I’ve successfully unrolled the upper half of the recursive Karatsuba multiplication algorithm six levels deep and mapped this to thread parallel CUDA code (see attached hand drawn flow graph of the algorithm).
I see some similarities with algorithms such as an FFT - but with the added nastiness that per recursion I get 3 products of half size. So the amount of data grows by factor 3/2 with each iteration. I obtain 3^6 = 729 individual products from the 2 x 64 legs (limbs?) of the multiplication factors A and B after unrolling the recursion tree. To compute the product I will need 2729sizeof(int) = 5832 bytes of scratch space which fits nicely into shared memory.
The resulting CUDA code is surprisingly simple and uses 3^5 = 243 threads per block. I use linear memory to store the permutation patterns that arise from the recursion (which I bind to a texture and get cached access). This fits into the 8kb texture cache easily.

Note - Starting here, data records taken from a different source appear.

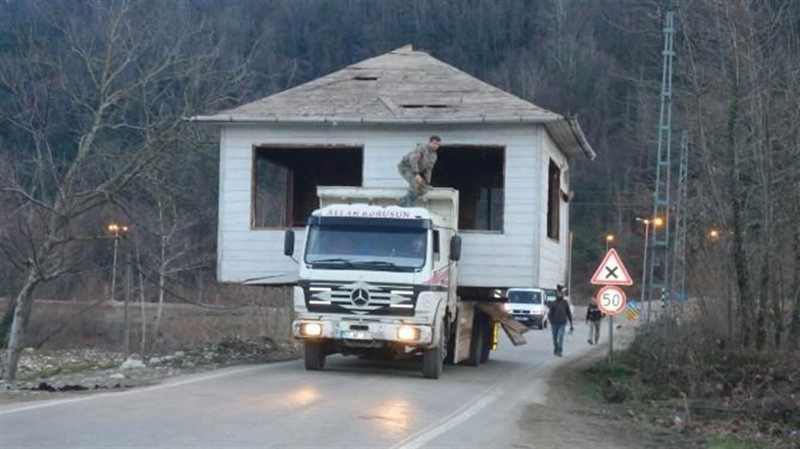 Böylesi sadece Türkiye'de olur! Evini söküp kamyonla taşıdı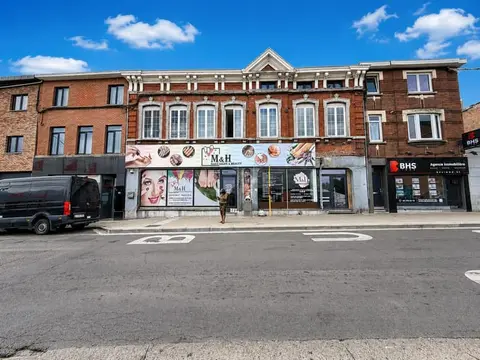 IMM.RAPPORT - COMMERCE - 3 APPARTEMENTS - 5000 € REVENU LOC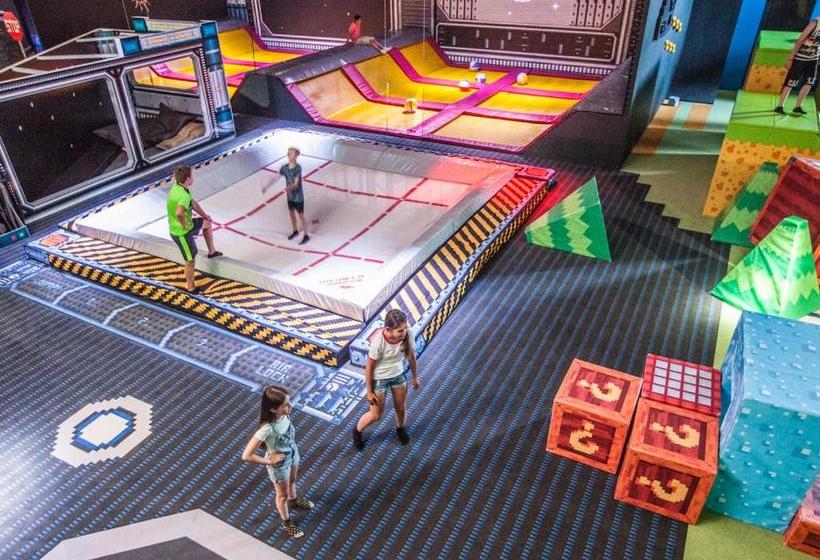 渡假胜地 Landal Domein De Schatberg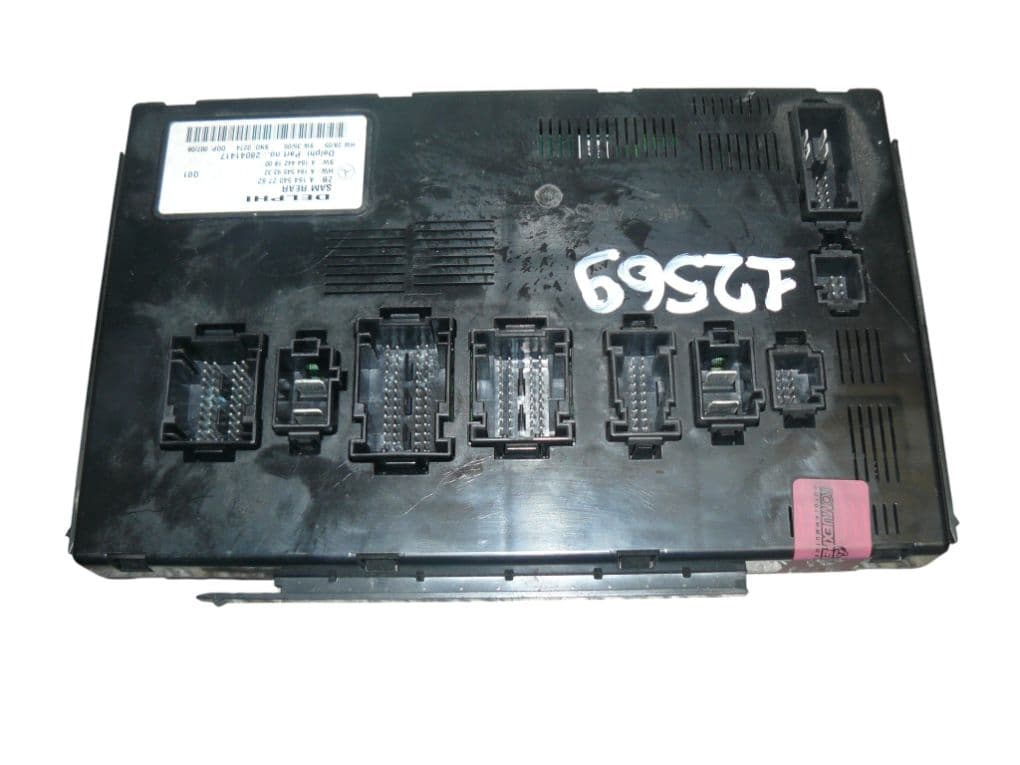 MERCEDES-BENZ A1645402762 Fuse box MERCEDES-BENZ ML-CLASS (W164) (2005-2011)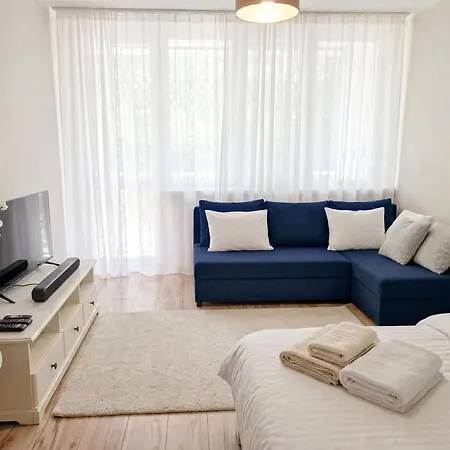 Granatowy Chill Apartment Lodz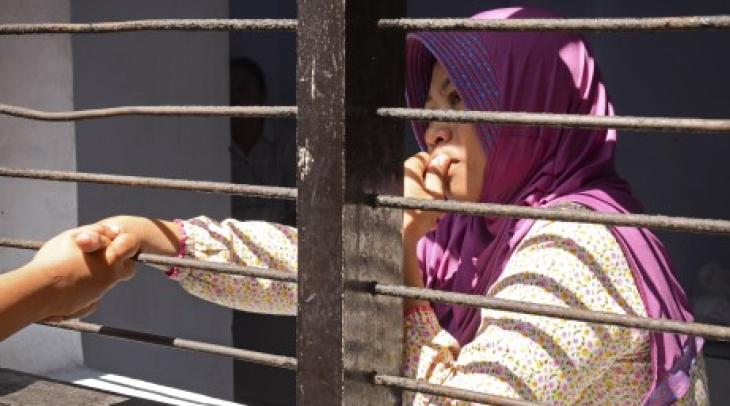 Jokowi Janji Putuskan Permohonan Amnesti Nuril Secepatnya Jokowi Janji Putuskan Permohonan Amnesti Nuril Secepatnya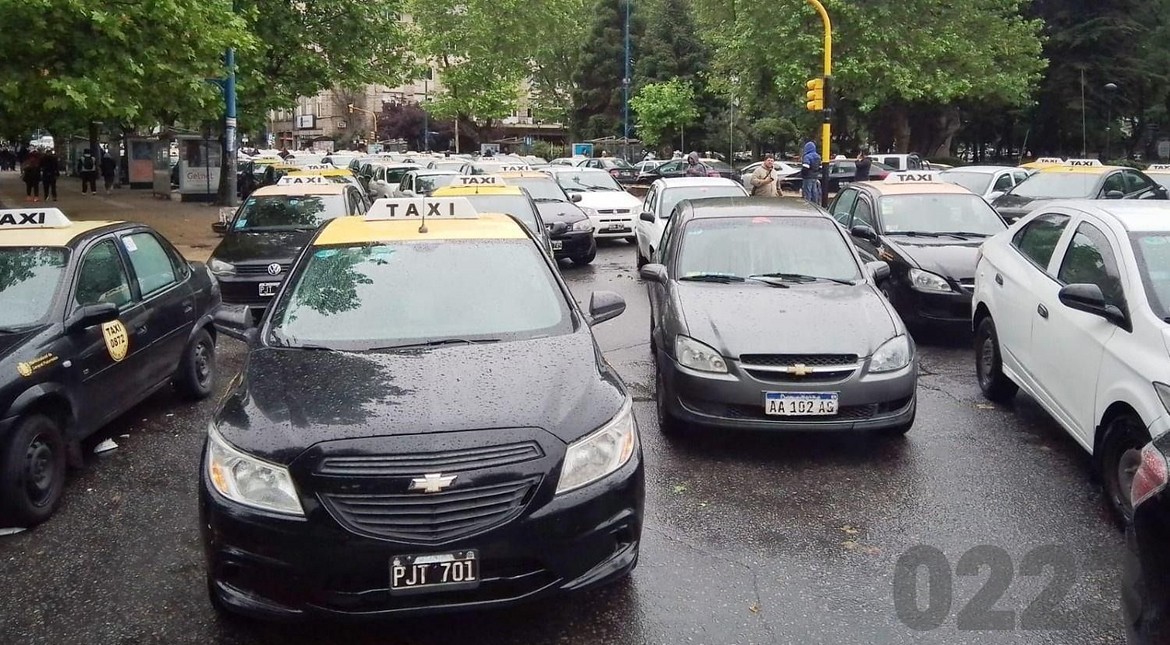 Taxistas pusieron fecha límite para reglamentar las apps de transporte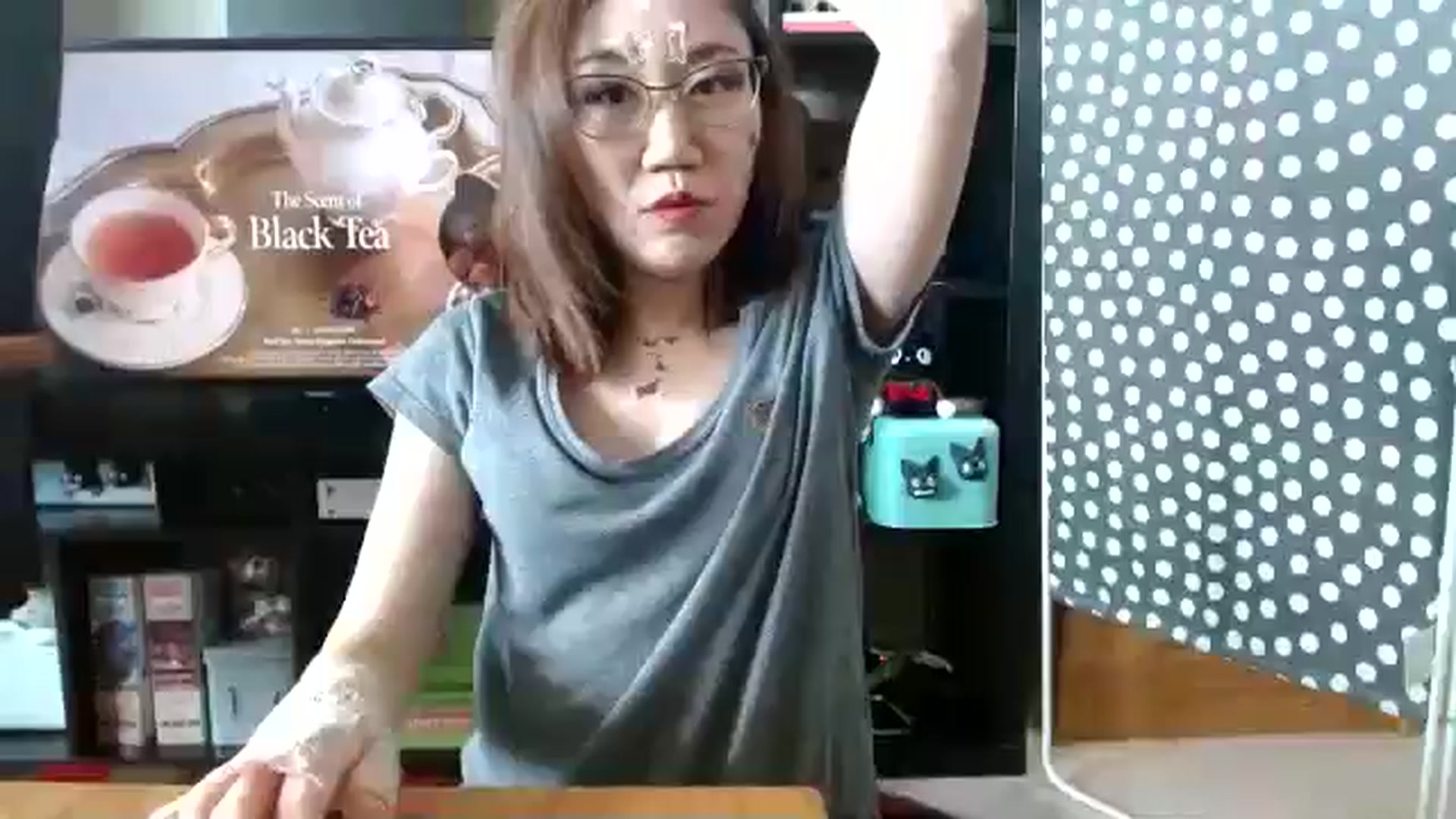 Gallery image thumbnail from AprilMei's myfreecams stream on, 06/13/2024, 17:17 image 6 of 20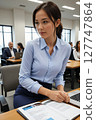 考慮會議資料的女商人 127747864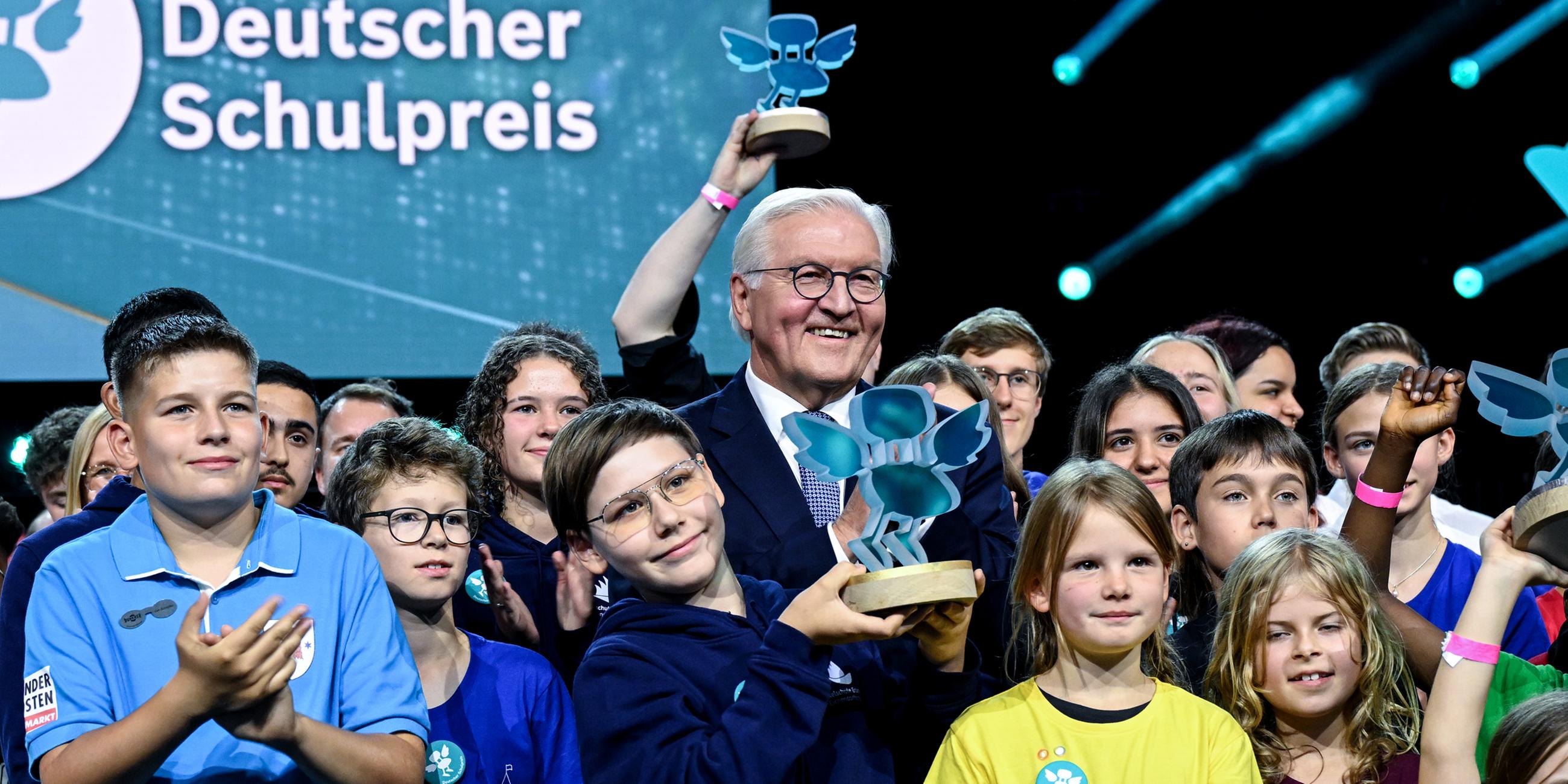 Bundespräsident Frank-Walter Steinmeier freut sich am 12.10.2023 bei der Verleihung das Schulpreises 2023 mit den Schülern der verschiedenen Schulen, die ausgezeichnet wurden.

What remains to be done is to condense these 729 individual products into the final result. This means going back up the recursion tree and condensing the data by factor 2/3 with each iteration (according to the summation rules shown in the lower part of my sketch).
This will hopefully be one of the fastest implementations of bigint multiplication (for 1024 bit numbers) out there. I’d love to benchmark this against other implementations. I will post code when done.
UPDATE:I have finished unrolling the lower part of the recursion. First benchmarks show that I can do about 60000 1024 bit products per SM on my notebook GPU. On a GTX 260 with its 27 multiprocessors I should therefore reach more than 1.5 million products per second. Cool, that is MegaMuls performance for big integers.
As a final step I need to implement carry propagation (normalization). And maybe check how many bank conflicts I have in my shared memory access patterns.